Médiateur: le poste fantôme

ADMINISTRATION • Les citoyens en pétard avec les services de l’Etat ne peuvent toujours pas solliciter un bureau de médiation comme le prévoit la loi et la Constitution. Un dossier bloqué au parlement.

  • Fabienne Bugnon, la médiatrice principale de l’organe  de médiation de la police est chargée de la mise en place de la nouvelle structure. GIM

    Fabienne Bugnon, la médiatrice principale de l’organe de médiation de la police est chargée de la mise en place de la nouvelle structure. GIM

Délais d’attente interminables, procédures bâclées, relations tendues, bourses refusées, contentieux avec l’administration fiscale. Les conflits administratifs qui peuvent mettre en pétard les citoyens avec les services de l’Etat ne manquent pas. Ce qui fait défaut en revanche, c’est un bureau de médiation administrative pour les résoudre, comme la loi le prévoit. A ce propos, qui se souvient encore de la décision de créer un bureau de médiation administrative à Genève? Pas grand monde. Il y a cinq ans pourtant, l’avenir de cette structure semblait tout tracé. C’était l’ère de la belle entente. Rappelez-vous, la nouvelle Constitution plébiscitait sa création en 2012. Un projet de loi était adopté avec enthousiasme par le Conseil d’Etat en 2013 et sans opposition par le Grand Conseil en 2015. Difficile de faire mieux. Puis, patatra! La loi entrée en vigueur le 30 juin 2015 n’a jamais été mise en application. Comment expliquer un tel blocage?

«Outil neutre»

«Il est étonnant que les députés n’en fassent pas une priorité», regrette Fabienne Bugnon. Chargée de la mise en place de la structure, l’actuelle médiatrice principale de l’Organe de médiation de la police (OMP, lire ci-dessous) s’est beaucoup investie dans le projet à la demande du magistrat Pierre Maudet. «Il s’agit d’offrir aux administrés un outil neutre et confidentiel d’écoute, de dialogue, d’information et de conseil qui permet d’apporter rapidement une justice réparatrice», plaide-t-elle. Avant de préciser: «La médiation n’est pas un contrôle ni une sanction, c’est une procédure extrajudiciaire légère et gratuite pour faire gagner du temps aux citoyens et aux services de l’Etat. Le médiateur a également un rôle préventif car il calme des gens qui n’agresseront pas des fonctionnaires aux guichets. C’est du gagnant-gagnant», résume-t-elle.

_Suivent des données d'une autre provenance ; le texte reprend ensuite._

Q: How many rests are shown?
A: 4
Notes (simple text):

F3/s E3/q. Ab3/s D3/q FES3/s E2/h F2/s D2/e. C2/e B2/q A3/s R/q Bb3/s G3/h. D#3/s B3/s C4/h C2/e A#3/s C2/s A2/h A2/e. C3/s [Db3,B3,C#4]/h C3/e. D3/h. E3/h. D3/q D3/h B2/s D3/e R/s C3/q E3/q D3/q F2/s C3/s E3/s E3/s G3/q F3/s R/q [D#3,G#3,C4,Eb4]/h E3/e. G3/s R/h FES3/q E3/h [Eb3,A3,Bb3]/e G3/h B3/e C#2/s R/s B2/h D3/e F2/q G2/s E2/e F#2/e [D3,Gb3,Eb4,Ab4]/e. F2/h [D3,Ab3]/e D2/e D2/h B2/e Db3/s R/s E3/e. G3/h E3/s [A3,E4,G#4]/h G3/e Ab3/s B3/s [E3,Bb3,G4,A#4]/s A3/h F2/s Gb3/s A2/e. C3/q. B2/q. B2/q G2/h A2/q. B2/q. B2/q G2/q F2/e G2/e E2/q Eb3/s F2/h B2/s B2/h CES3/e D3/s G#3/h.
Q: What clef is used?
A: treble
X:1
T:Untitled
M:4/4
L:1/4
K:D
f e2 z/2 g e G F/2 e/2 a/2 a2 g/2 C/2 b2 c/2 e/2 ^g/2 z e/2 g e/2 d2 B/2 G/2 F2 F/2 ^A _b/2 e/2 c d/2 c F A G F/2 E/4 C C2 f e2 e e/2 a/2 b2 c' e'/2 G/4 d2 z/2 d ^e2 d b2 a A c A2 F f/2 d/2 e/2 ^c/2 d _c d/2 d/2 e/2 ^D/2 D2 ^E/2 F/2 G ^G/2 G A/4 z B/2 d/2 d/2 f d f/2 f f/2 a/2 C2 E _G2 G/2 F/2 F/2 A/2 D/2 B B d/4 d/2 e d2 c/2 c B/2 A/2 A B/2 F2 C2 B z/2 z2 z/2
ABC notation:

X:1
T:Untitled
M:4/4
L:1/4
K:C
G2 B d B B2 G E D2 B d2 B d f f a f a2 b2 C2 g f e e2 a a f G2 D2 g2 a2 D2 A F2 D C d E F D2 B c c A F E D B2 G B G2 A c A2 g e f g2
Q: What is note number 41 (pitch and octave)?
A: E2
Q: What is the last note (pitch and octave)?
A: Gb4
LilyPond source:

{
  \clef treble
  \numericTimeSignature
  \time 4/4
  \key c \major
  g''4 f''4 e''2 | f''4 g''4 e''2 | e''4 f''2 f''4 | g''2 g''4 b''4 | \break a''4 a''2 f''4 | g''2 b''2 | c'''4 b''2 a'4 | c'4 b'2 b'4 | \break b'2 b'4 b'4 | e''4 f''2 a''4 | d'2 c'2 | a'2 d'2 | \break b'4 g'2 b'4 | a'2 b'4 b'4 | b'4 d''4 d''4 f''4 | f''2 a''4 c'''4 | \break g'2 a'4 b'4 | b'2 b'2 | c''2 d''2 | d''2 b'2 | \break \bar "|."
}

«Les choses coinçaient au niveau de la commission des finances», rappelle de son côté Pierre Maudet, conseiller d’Etat en charge de la Sécurité et de l’Economie. «A juste titre, ses membres trouvaient le dispositif proposé trop lourd et coûteux. On parlait d’un budget de fonctionnement d’environ un million par an. L’idée est d’avoir quelque chose de plus souple et agile, comme pour la police. Ceci explique sans doute les allers et retours en commission et le fait que le dossier se retrouve encore aujourd’hui pendant devant le Grand Conseil, malgré son utilité incontestable», explique Pierre Maudet. Avant de conclure: «Dans une société qui se judiciarise et où les gens n’ont plus forcément comme premier réflexe de se parler en cas de litige, cette structure peut servir à désamorcer les conflits en amont. Les citoyens sont aussi plus méfiants vis-à-vis de l’administration et les fonctionnaires peuvent se sentir incompris dans l’exercice de leur activité. Il faut que tous puissent être entendus par une instance neutre, sur le modèle de l’OMP. Les avantages sont importants. On peut rétablir l’écoute et la confiance mais aussi éviter les tensions aux guichets et contribuer à désengorger les tribunaux.»

Ombudsman ou médiateur?

Pour cela, il faudra définir la fonction du médiateur. «La Constitution n’est pas très claire. Nous devions choisir entre ombudsman ou médiateur, deux fonctions qui ne sont pas les mêmes, ce qui n’a pas facilité les débats. Puis il a fallu décider si le nouveau bureau serait intégré ou non dans une structure existante de l’Etat», explique le député Jean-Marc Guinchard. Qui poursuit: «Reste que la création d’un organe de médiation est utile et bénéfique, il n’y a qu’à voir les exemples réussis de Vaud et Zurich. Genève a pris du retard sur eux.» Pour le combler, les députés devront relancer le débat. Cela tombe bien, le dossier est à l’ordre du jour des prochaines sessions parlementaires. «S’ils n’arrivent pas à sortir de l’impasse, ils n’ont qu’à faire appel à un médiateur», ironise un haut fonctionnaire pour qui une telle structure aurait déjà dû être mise en place depuis de nombreuses années, dans l’intérêt de la population et de l’Administration. Affaire à suivre.